She lay on her back beside the small boulder she’d used.

“Everything’s spinning,” she mumbled. They knelt at June’s side. Abigail took her hand, laced their fingers. In the poor light, only the volume of blood hinted at the extent of damage June had managed to self-inflict. She groaned, her lips moving, searching for the strength to form words. “I couldn’t . . . stand it. They were all around me, trying to use me. Where’s Emmett?” She tried to call out to him, but his name miscarried in her throat.

“He’s not here right now,” Lawrence said.

“I’ll be with him soon?” she mouthed between wet breaths. “And Ty?”

“Who?”

“Their son,” Abigail said. “Yeah. Ty, too.”

“I wanna hear him laugh again.”

“You will, sweetie.” Abigail was crying, overcome by June’s deathbed desperation—wishful thinking and unanswerable questions begging answers, any semblance of truth be damned.

“He’s always been a little boy in my mind.
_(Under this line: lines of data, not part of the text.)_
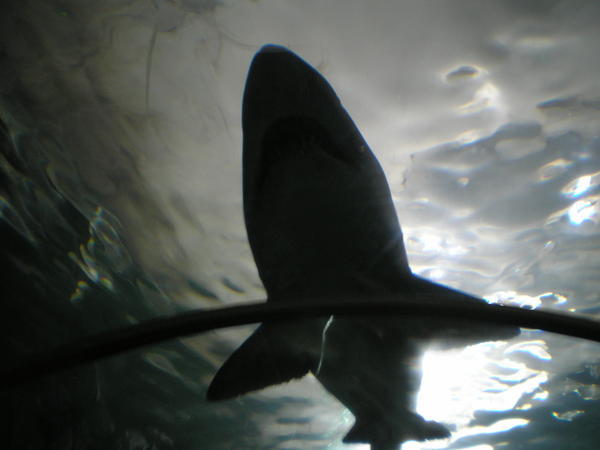 Tunnel View of Nurse Shark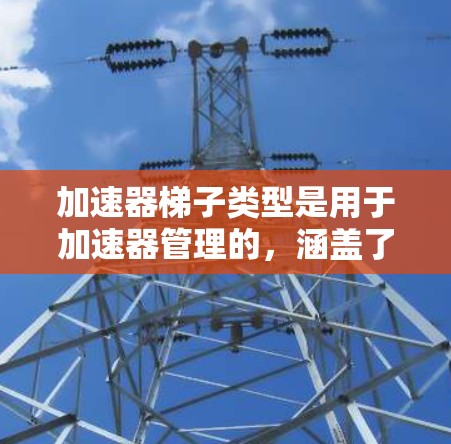 加速器梯子类型是用于加速器管理的，涵盖了多种设置类型，用户可以根据具体需求选择合适的设置。以下是主要的加速器梯子类型及其描述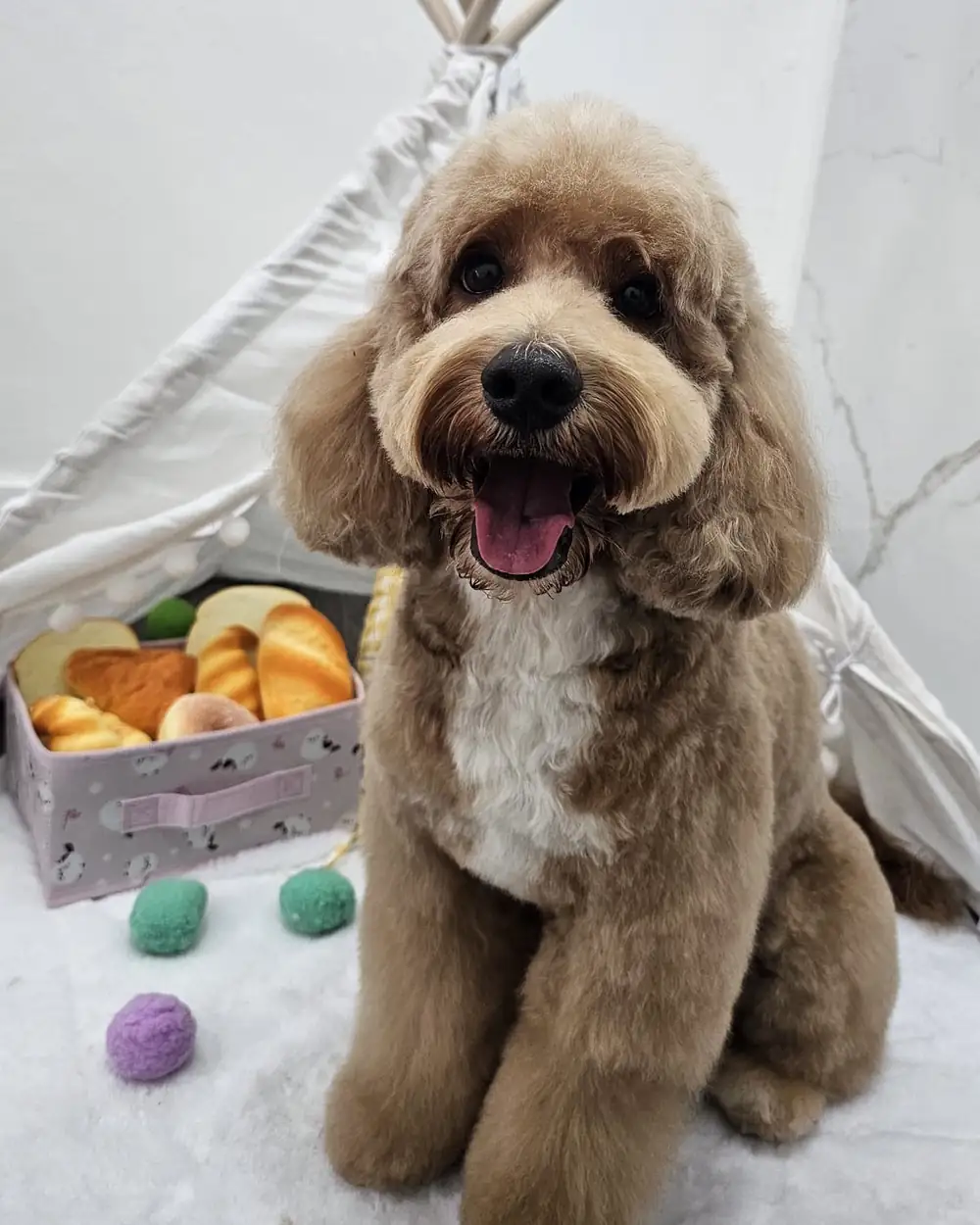 Same apricot goldendoodle after grooming, fluffy teddy-bear cut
You think he’s grown up into a—” She choked, then coughed, a mist of blood sputtering through the gaps between her teeth.

“Try not to talk,” Lawrence said.

“Will I still be his mom? I was for six beautiful . . .” She moaned, her eyes closing. Abigail placed her ear on June’s sternum, listening for the rise and fall of lungs expanding, deflating.

“I’m so sorry.” Lawrence wept. “This was my fault.”

June’s chest swelled, Abigail’s head lifting.

Then it fell—down, down—one long exhalation, all air expelled, and never rose again.

SIXTY-FOUR

 A

t three in the afternoon, Abigail heard Lawrence say, “There’s light up ahead.”

The two of them entered the largest cavern yet, more than a hundred feet across, filled with enormous spires that rose from the floor. A spring bubbled out of a crack in the wall, speleothem deposits hanging like curtains from the high ceiling. They stood in the luminous shaft that angled down, bathing them in daylight. Forty feet above, a chimney bored through the ceiling, and Abigail saw a distant patch of gray at the end of it.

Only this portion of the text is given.